Aus dem Amerikanischen von Stephan Kleiner. Sucher, der Jäger mit dem besonderen Sinn, wird vor seine schwierigste Aufgabe gestellt. Er muss einen Jungen aufspüren, der vor drei Jahren spurlos verschwand. Seine Fährte führt ihn durch Wälder und Städte, zu Gestaltwandlern, Ausgestoßenen und Hexen. Aber kann er den Jungen retten und die Welten wieder in Einklang bringen?
Rezensionsnotiz zu
Süddeutsche Zeitung, 13.12.2019
Jonathan Fischer scheint überfordert von Marlon James' Ziegelstein von einem Roman. Die vielen Vorschusslorbeeren für den "literarischen Tarantino" und sein Fantasy-Epos möchte Fischer dem Autor gern wieder ausrupfen. Die Geschichte der Suche nach dem königlichen Kind und die folgenden bluttriefenden Racheorgien wirken auf Fischer zwar alptraumhaft fesselnd und mitunter wie eine "magisch überhöhte" Version von Joseph Conrads "Herz der Finsternis", doch unterläuft der Autor solche Vergleiche immer wieder mit "ungeschlachten" Dialogen und wenig subtiler "Mythenhuberei". Solch "comicartige Massierung" schadet dem Plot, meint Fischer.

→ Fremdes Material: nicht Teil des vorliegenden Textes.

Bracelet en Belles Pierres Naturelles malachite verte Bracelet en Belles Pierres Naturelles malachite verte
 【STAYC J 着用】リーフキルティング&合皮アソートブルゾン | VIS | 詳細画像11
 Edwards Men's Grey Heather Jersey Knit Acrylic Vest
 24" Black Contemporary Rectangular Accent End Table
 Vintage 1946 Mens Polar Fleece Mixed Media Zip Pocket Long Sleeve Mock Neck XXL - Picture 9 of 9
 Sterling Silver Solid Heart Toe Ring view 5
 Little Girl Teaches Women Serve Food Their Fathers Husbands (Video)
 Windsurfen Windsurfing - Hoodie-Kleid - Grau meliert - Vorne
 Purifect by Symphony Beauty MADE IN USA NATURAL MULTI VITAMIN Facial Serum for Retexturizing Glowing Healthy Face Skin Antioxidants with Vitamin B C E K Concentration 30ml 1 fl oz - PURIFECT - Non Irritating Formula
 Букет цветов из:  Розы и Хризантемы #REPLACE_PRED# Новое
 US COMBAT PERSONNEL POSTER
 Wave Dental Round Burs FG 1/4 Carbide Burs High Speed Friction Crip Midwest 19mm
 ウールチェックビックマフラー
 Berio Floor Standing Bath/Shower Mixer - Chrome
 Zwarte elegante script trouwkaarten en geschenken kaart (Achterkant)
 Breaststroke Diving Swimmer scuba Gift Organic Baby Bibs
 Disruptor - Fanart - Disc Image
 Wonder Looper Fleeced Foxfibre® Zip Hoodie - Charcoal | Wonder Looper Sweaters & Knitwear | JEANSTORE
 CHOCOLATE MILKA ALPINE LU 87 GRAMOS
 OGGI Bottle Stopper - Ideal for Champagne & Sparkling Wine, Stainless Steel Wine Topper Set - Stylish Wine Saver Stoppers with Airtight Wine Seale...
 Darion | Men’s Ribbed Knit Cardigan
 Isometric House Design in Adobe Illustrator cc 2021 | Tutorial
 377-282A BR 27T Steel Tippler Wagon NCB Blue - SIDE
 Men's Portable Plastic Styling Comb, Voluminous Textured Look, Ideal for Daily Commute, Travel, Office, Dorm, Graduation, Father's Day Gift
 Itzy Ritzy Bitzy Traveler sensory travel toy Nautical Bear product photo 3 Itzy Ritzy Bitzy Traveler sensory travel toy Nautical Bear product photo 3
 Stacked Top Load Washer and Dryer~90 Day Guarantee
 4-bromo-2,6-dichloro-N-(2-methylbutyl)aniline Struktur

Christian Werthschulte schätzt einerseits die Narrenfreiheit, die sich der jamaikanische Autor Marlon James in seinem neuen Buch nimmt, indem er lauter sich überlagernde Geschichten voll mit Sackgassen und Irrwegen erzählt und seine Figuren sich dauernd verändern lässt. Andererseits erschwert solch quecksilbriges Erzählen die Lektüre für den Rezensenten sehr, der sich kaum an eine Perspektive halten kann. James' Fantasyroman aus dem präkolonialen Afrika, in dem Könige, Hexenjäger, Riesen und Formwandler ihren Auftritt haben, versteht Werthschulte auch als "antikolonialistische Geste", weil Afrika darin nicht leicht zu erfassen ist. Weil das Erschaffen einer Welt als wichtige Zutat jedes Fantasyromans auf diese Weise vereitelt wird, tut sich der Rezensent etwas schwer mit dem Text. James' prägnante, von Wortwitz und Sarkasmus geprägte Prosa aber hat Werthschulte begeistert.